Não deixa de ter piada no país que tem o segundo rácio investimento público/PIB mais baixo do UE28, o ministro da Energia e da Transição Energética (como alguém escreveu, é um nome que é todo um programa) perorar sobre o investimento anual que «deverá aumentar de 30 para 2 mil milhões de euros, para tornar o país neutro nas emissões de dióxido de carbono até 2050».

No que toca às perspectiva de crescimento de uma economia que tem sido puxada pela procura externa e em particular pelo turismo, convirá saber quanto à primeira que a economia europeia continuou a desacelerar no 3.º trimestre e o FMI pela boca do director-geral adjunto David Lipton avisa-nos «vejo uma tempestade a formar-se nos céus e receio que o trabalho na prevenção de crises esteja incompleto». Quanto ao turismo há sinais que pode esmorecer também por causa do Brexit e das suas incertezas - até Outubro o número de dormidas desceu 0,5%.

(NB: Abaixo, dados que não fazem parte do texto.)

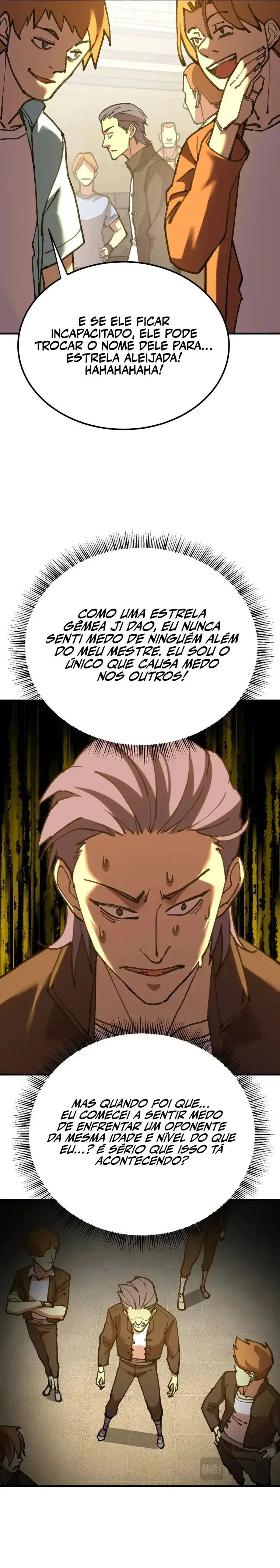 Read Logando 10 Mil Anos no Futuro PT-BR Manga Online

O que não esmorece é o novo crédito ao consumo que subiu 14% até Outubro para 3,9 mil milhões de euros. Não espanta que, segundo o INE, nos três meses terminados em Outubro as exportações tenham subido 1,4 pontos percentuais abaixo das importações e em relação a Outubro de 2017 o défice da balança comercial tenha aumentado 39 milhões.

Por falta de tempo (e de espaço) não vou tratar da proposta de revisão da lei de bases que já foi apresentada ao parlamento e que tudo indica visa engrossar a clientela eleitoral da geringonça, engordando em efectivos do SNS e limitando o papel das empresas privadas de saúde mesmo quando, como é o caso do Hospital de Braga, entre outros, apresentam comprovadamente uma melhor qualidade com custos menores.